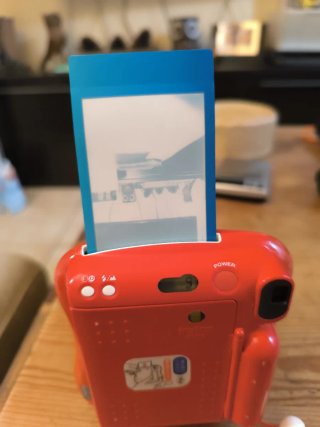 Fujifilm Instax Mini 25 Cámara Roja con defectos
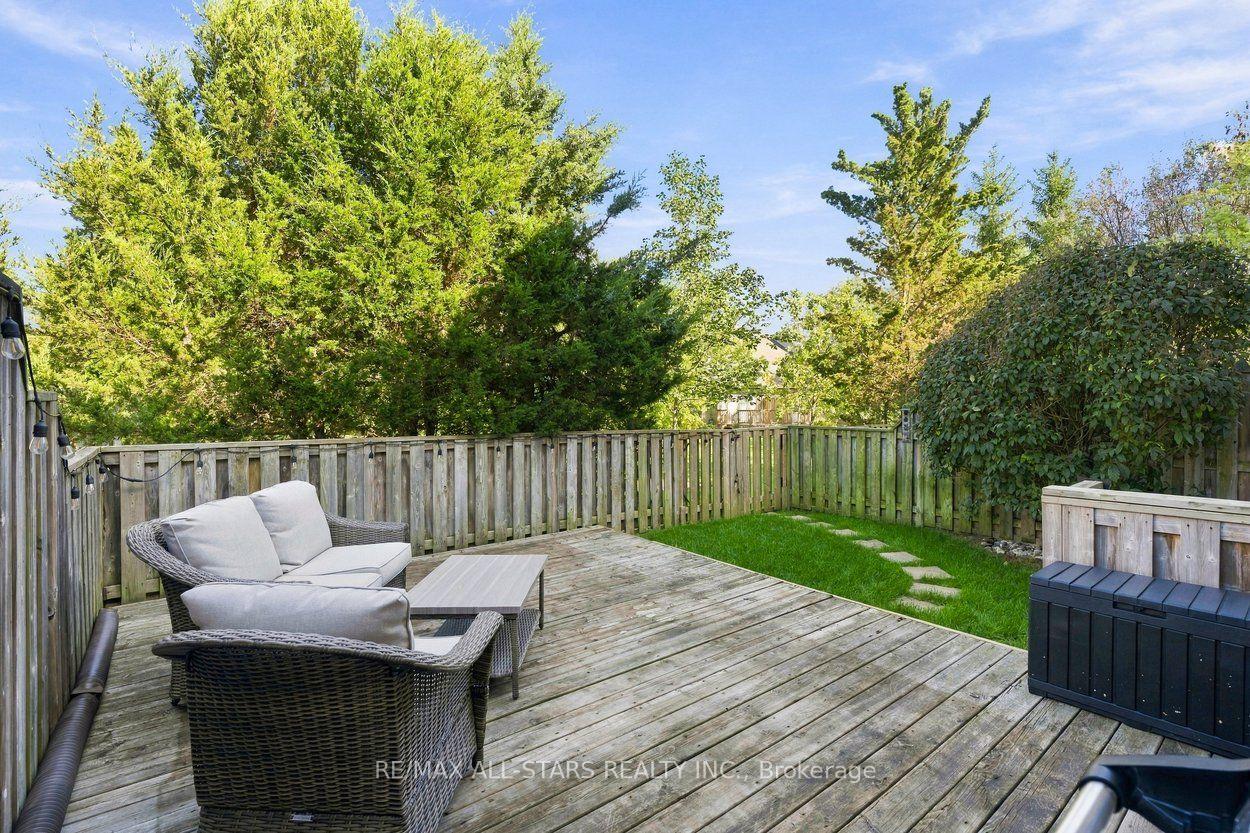 39 Louisbourg Way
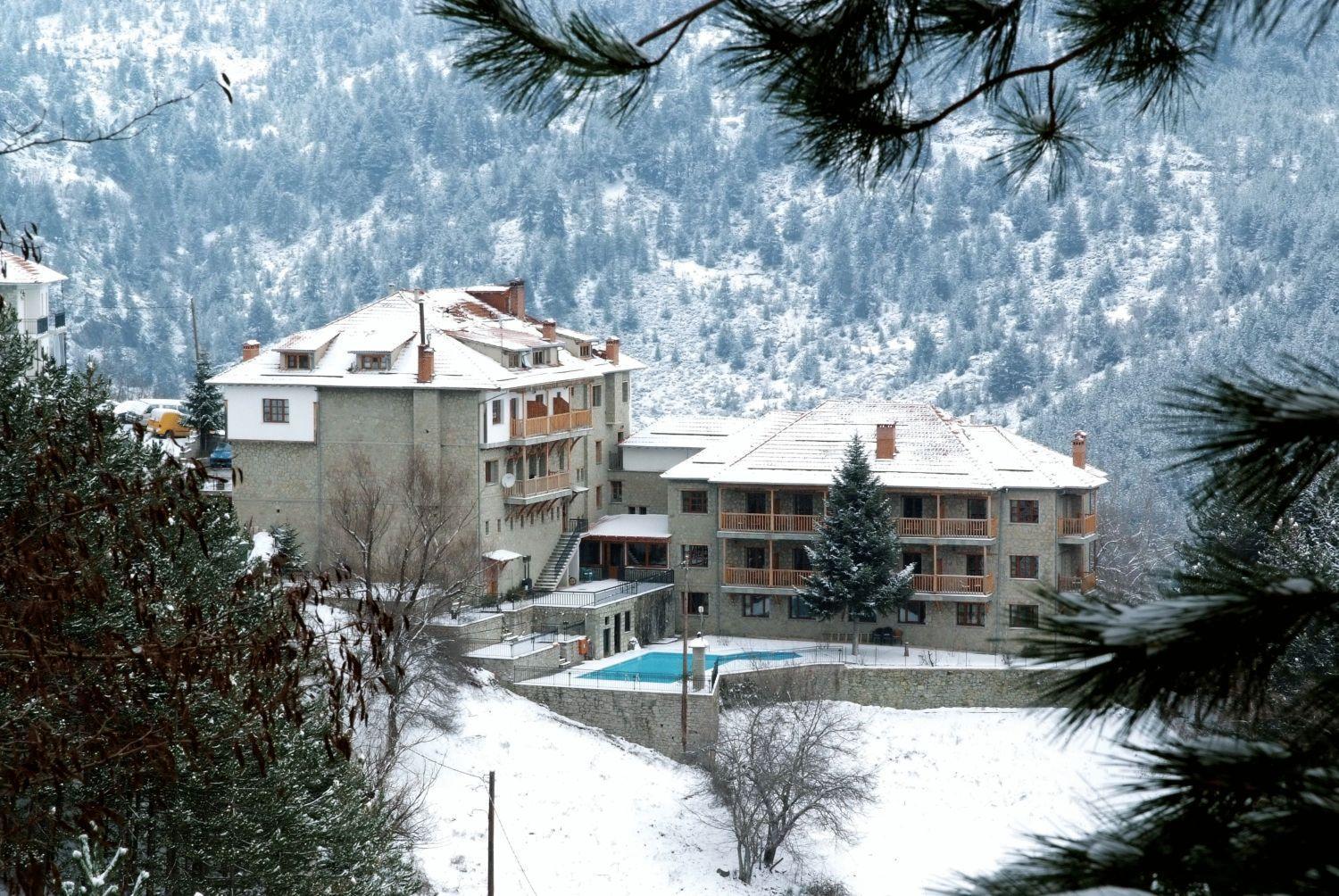Hotel Victoria Metsovo Exteriör bild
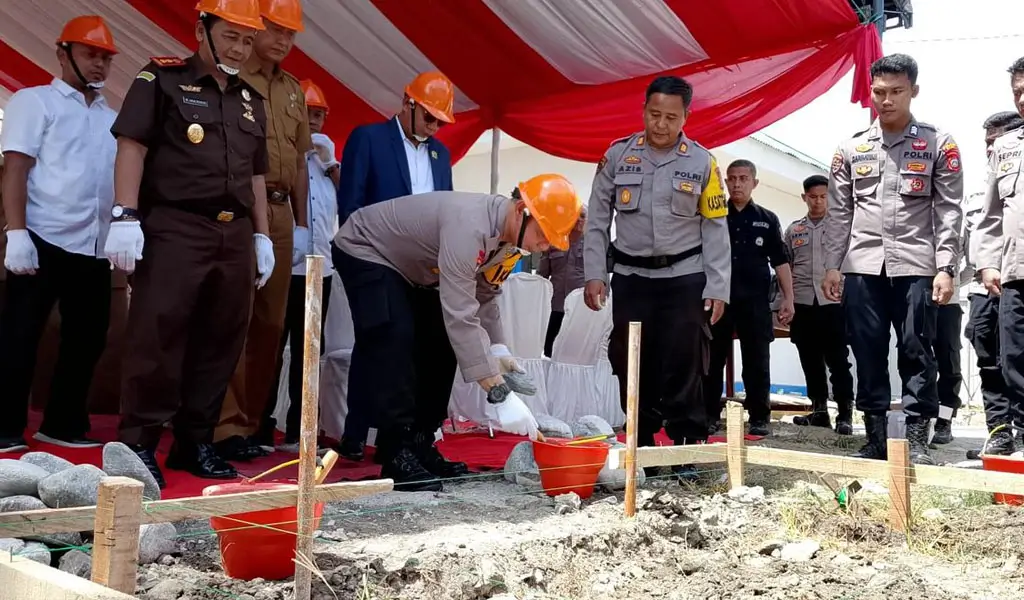 Kapolres Sigi AKBP Kari Amsah Ritonga meletakkan batu pertama pembangunan gedung SPPG di Desa Maku, Sigi, Senin (29/12/2025). (©Humas Polres Sigi)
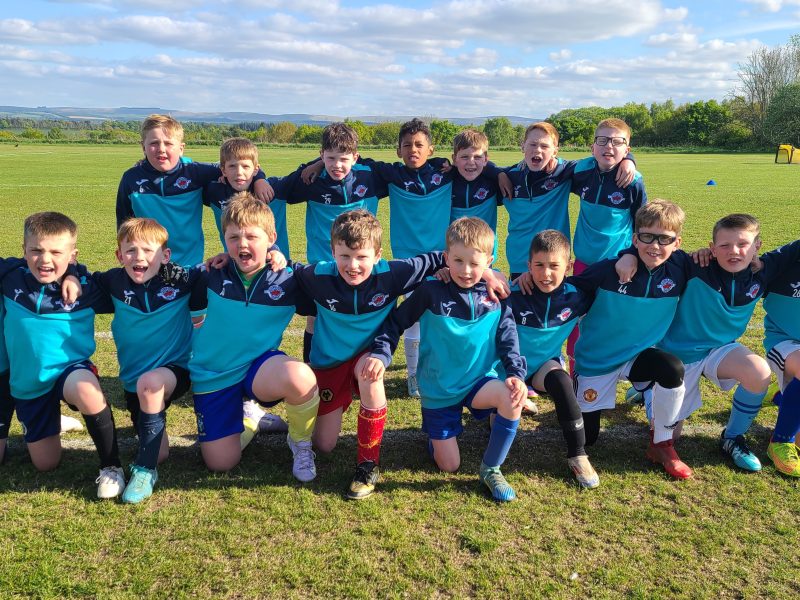Loanhead Miners YFC 2016s squad May2025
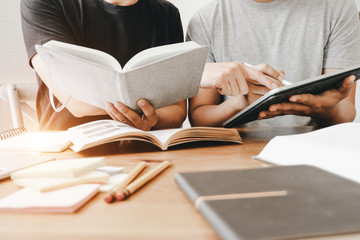 邻家花美男里那个熊猫眼女编辑叫什么？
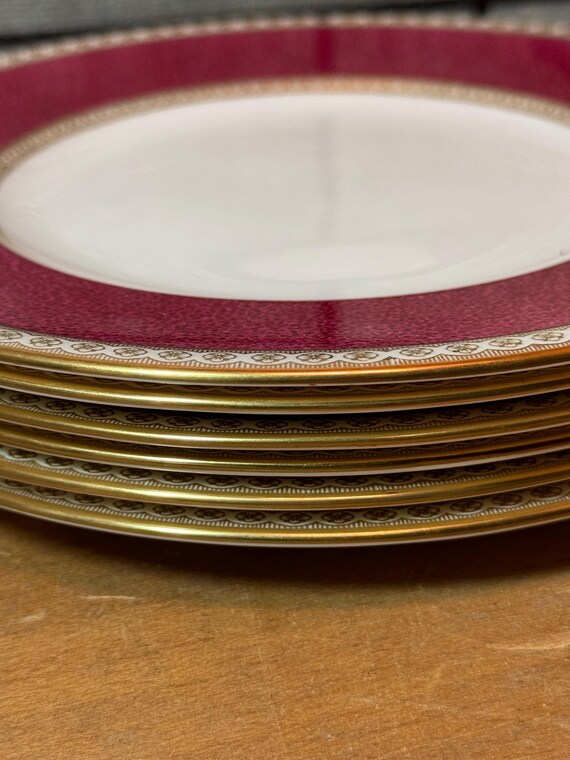 Wedgwood Ulander Powder Ruby Salad Plate: Gold Porcelain China
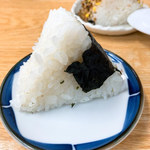 中華そば波 - サービスのオニギリ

-- -- --

[What needs to be done]:
Word for word, restate every line of the listing, omitting the pictures.

[Task solution]:
 Fujifilm Instax Mini 25 Cámara Roja con defectos
 39 Louisbourg Way
Hotel Victoria Metsovo Exteriör bild
 Kapolres Sigi AKBP Kari Amsah Ritonga meletakkan batu pertama pembangunan gedung SPPG di Desa Maku, Sigi, Senin (29/12/2025). (©Humas Polres Sigi)
Loanhead Miners YFC 2016s squad May2025
 邻家花美男里那个熊猫眼女编辑叫什么？
 Wedgwood Ulander Powder Ruby Salad Plate: Gold Porcelain China
 中華そば波 - サービスのオニギリ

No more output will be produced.